* _WORK INSTRUCTION_:
Copy nothing but the text: reproduce each line of the listing exactly and leave the pictures out.

* _SOURCE MATERIAL_:

---------------

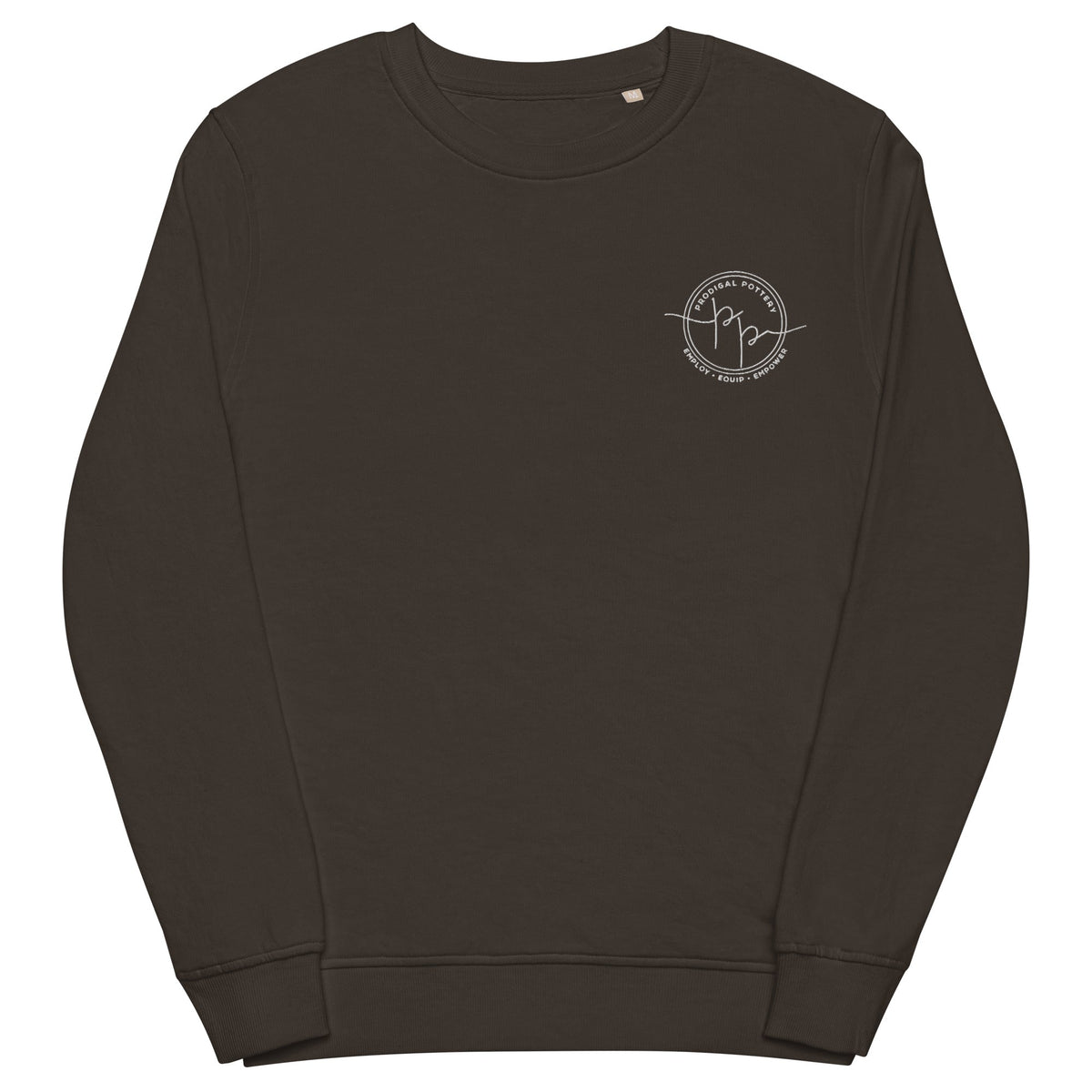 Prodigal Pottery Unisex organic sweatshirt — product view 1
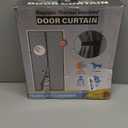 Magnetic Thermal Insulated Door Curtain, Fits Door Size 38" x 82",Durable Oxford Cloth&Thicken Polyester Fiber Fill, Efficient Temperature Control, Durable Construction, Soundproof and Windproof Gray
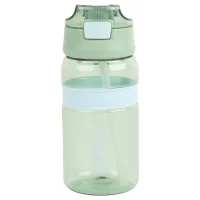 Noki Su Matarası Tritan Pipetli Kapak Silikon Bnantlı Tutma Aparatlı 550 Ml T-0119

---------------

* _YOUR SOLUTION_:
 Prodigal Pottery Unisex organic sweatshirt — product view 1
 Magnetic Thermal Insulated Door Curtain, Fits Door Size 38" x 82",Durable Oxford Cloth&Thicken Polyester Fiber Fill, Efficient Temperature Control, Durable Construction, Soundproof and Windproof Gray
 Noki Su Matarası Tritan Pipetli Kapak Silikon Bnantlı Tutma Aparatlı 550 Ml T-0119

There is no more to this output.